**Aim of the task:** Your answer must repeat the full listing, line for line.

**Data supplied:**
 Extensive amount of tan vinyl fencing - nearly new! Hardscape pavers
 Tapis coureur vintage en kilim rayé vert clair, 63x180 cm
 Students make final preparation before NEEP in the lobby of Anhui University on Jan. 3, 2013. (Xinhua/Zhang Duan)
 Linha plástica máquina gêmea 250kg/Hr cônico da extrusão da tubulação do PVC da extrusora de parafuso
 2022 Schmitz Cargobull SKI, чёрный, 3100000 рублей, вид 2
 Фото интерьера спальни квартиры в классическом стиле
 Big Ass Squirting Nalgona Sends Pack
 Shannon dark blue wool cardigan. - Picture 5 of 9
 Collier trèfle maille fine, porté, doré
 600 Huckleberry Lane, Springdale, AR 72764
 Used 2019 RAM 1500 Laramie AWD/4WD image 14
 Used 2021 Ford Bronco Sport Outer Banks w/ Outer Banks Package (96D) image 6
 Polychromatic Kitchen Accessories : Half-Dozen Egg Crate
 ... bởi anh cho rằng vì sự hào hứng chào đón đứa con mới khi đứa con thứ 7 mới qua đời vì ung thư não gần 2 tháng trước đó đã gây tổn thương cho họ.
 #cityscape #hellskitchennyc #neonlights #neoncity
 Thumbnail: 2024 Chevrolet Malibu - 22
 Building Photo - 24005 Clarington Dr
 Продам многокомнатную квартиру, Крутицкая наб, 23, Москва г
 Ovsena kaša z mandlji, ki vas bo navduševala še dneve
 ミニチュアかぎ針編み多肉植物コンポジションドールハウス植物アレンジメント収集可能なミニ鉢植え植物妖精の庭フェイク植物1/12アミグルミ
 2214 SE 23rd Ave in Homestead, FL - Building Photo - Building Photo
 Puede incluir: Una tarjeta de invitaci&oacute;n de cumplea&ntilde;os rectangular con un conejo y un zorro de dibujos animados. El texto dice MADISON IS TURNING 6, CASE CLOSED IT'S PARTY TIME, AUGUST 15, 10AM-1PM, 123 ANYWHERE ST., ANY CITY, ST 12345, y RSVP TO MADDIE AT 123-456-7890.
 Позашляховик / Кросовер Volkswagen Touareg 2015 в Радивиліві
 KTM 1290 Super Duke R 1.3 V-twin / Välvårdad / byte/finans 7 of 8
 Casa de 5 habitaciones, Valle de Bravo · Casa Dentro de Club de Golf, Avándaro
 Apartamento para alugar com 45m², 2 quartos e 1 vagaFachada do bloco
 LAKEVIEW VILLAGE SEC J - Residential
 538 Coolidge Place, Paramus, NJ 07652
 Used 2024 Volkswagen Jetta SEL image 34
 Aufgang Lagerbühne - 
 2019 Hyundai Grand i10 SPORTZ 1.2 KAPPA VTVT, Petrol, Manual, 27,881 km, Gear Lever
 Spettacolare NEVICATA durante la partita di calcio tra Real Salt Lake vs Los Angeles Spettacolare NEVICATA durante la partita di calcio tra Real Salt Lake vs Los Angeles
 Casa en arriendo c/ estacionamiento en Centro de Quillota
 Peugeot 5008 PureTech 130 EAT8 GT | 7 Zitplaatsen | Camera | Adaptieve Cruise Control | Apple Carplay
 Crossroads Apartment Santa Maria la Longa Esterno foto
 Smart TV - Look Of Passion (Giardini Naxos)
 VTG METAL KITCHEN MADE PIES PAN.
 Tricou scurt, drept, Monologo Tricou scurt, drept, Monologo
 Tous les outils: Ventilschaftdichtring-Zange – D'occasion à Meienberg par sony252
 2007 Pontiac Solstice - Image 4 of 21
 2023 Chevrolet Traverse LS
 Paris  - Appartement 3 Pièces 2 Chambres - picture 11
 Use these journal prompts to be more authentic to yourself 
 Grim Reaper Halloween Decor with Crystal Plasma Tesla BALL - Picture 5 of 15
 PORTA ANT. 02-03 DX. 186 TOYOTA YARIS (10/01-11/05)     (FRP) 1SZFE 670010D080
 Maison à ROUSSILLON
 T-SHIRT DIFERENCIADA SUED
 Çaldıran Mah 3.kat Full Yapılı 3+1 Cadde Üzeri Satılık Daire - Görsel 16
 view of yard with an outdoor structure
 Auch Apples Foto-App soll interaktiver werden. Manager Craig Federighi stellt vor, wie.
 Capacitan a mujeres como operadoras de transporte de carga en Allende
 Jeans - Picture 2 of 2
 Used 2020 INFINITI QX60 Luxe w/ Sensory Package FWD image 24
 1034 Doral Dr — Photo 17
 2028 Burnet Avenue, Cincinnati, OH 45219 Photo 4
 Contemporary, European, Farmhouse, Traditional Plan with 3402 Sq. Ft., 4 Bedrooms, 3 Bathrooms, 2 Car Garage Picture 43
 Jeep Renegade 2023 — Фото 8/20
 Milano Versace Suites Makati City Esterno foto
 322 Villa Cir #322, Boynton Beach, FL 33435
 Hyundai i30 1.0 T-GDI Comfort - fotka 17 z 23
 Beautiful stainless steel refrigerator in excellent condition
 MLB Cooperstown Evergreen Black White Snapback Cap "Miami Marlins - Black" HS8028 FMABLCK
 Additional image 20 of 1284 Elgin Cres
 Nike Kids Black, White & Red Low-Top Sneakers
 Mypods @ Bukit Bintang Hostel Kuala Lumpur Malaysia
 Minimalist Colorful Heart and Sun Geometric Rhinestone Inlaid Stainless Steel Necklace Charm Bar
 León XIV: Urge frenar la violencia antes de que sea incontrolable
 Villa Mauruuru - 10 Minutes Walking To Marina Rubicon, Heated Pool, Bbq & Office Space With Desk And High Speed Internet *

**Exercise result:**
 Extensive amount of tan vinyl fencing - nearly new! Hardscape pavers
 Tapis coureur vintage en kilim rayé vert clair, 63x180 cm
 Students make final preparation before NEEP in the lobby of Anhui University on Jan. 3, 2013. (Xinhua/Zhang Duan)
 Linha plástica máquina gêmea 250kg/Hr cônico da extrusão da tubulação do PVC da extrusora de parafuso
 2022 Schmitz Cargobull SKI, чёрный, 3100000 рублей, вид 2
 Фото интерьера спальни квартиры в классическом стиле
 Big Ass Squirting Nalgona Sends Pack
 Shannon dark blue wool cardigan. - Picture 5 of 9
 Collier trèfle maille fine, porté, doré
 600 Huckleberry Lane, Springdale, AR 72764
 Used 2019 RAM 1500 Laramie AWD/4WD image 14
 Used 2021 Ford Bronco Sport Outer Banks w/ Outer Banks Package (96D) image 6
 Polychromatic Kitchen Accessories : Half-Dozen Egg Crate
 ... bởi anh cho rằng vì sự hào hứng chào đón đứa con mới khi đứa con thứ 7 mới qua đời vì ung thư não gần 2 tháng trước đó đã gây tổn thương cho họ.
 #cityscape #hellskitchennyc #neonlights #neoncity
 Thumbnail: 2024 Chevrolet Malibu - 22
 Building Photo - 24005 Clarington Dr
 Продам многокомнатную квартиру, Крутицкая наб, 23, Москва г
 Ovsena kaša z mandlji, ki vas bo navduševala še dneve
 ミニチュアかぎ針編み多肉植物コンポジションドールハウス植物アレンジメント収集可能なミニ鉢植え植物妖精の庭フェイク植物1/12アミグルミ
 2214 SE 23rd Ave in Homestead, FL - Building Photo - Building Photo
 Puede incluir: Una tarjeta de invitaci&oacute;n de cumplea&ntilde;os rectangular con un conejo y un zorro de dibujos animados. El texto dice MADISON IS TURNING 6, CASE CLOSED IT'S PARTY TIME, AUGUST 15, 10AM-1PM, 123 ANYWHERE ST., ANY CITY, ST 12345, y RSVP TO MADDIE AT 123-456-7890.
 Позашляховик / Кросовер Volkswagen Touareg 2015 в Радивиліві
 KTM 1290 Super Duke R 1.3 V-twin / Välvårdad / byte/finans 7 of 8
 Casa de 5 habitaciones, Valle de Bravo · Casa Dentro de Club de Golf, Avándaro
 Apartamento para alugar com 45m², 2 quartos e 1 vagaFachada do bloco
 LAKEVIEW VILLAGE SEC J - Residential
 538 Coolidge Place, Paramus, NJ 07652
 Used 2024 Volkswagen Jetta SEL image 34
 Aufgang Lagerbühne - 
 2019 Hyundai Grand i10 SPORTZ 1.2 KAPPA VTVT, Petrol, Manual, 27,881 km, Gear Lever
 Spettacolare NEVICATA durante la partita di calcio tra Real Salt Lake vs Los Angeles Spettacolare NEVICATA durante la partita di calcio tra Real Salt Lake vs Los Angeles
 Casa en arriendo c/ estacionamiento en Centro de Quillota
 Peugeot 5008 PureTech 130 EAT8 GT | 7 Zitplaatsen | Camera | Adaptieve Cruise Control | Apple Carplay
 Crossroads Apartment Santa Maria la Longa Esterno foto
 Smart TV - Look Of Passion (Giardini Naxos)
 VTG METAL KITCHEN MADE PIES PAN.
 Tricou scurt, drept, Monologo Tricou scurt, drept, Monologo
 Tous les outils: Ventilschaftdichtring-Zange – D'occasion à Meienberg par sony252
 2007 Pontiac Solstice - Image 4 of 21
 2023 Chevrolet Traverse LS
 Paris  - Appartement 3 Pièces 2 Chambres - picture 11
 Use these journal prompts to be more authentic to yourself 
 Grim Reaper Halloween Decor with Crystal Plasma Tesla BALL - Picture 5 of 15
 PORTA ANT. 02-03 DX. 186 TOYOTA YARIS (10/01-11/05)     (FRP) 1SZFE 670010D080
 Maison à ROUSSILLON
 T-SHIRT DIFERENCIADA SUED
 Çaldıran Mah 3.kat Full Yapılı 3+1 Cadde Üzeri Satılık Daire - Görsel 16
 view of yard with an outdoor structure
 Auch Apples Foto-App soll interaktiver werden. Manager Craig Federighi stellt vor, wie.
 Capacitan a mujeres como operadoras de transporte de carga en Allende
 Jeans - Picture 2 of 2
 Used 2020 INFINITI QX60 Luxe w/ Sensory Package FWD image 24
 1034 Doral Dr — Photo 17
 2028 Burnet Avenue, Cincinnati, OH 45219 Photo 4
 Contemporary, European, Farmhouse, Traditional Plan with 3402 Sq. Ft., 4 Bedrooms, 3 Bathrooms, 2 Car Garage Picture 43
 Jeep Renegade 2023 — Фото 8/20
 Milano Versace Suites Makati City Esterno foto
 322 Villa Cir #322, Boynton Beach, FL 33435
 Hyundai i30 1.0 T-GDI Comfort - fotka 17 z 23
 Beautiful stainless steel refrigerator in excellent condition
 MLB Cooperstown Evergreen Black White Snapback Cap "Miami Marlins - Black" HS8028 FMABLCK
 Additional image 20 of 1284 Elgin Cres
 Nike Kids Black, White & Red Low-Top Sneakers
 Mypods @ Bukit Bintang Hostel Kuala Lumpur Malaysia
 Minimalist Colorful Heart and Sun Geometric Rhinestone Inlaid Stainless Steel Necklace Charm Bar
 León XIV: Urge frenar la violencia antes de que sea incontrolable
 Villa Mauruuru - 10 Minutes Walking To Marina Rubicon, Heated Pool, Bbq & Office Space With Desk And High Speed Internet *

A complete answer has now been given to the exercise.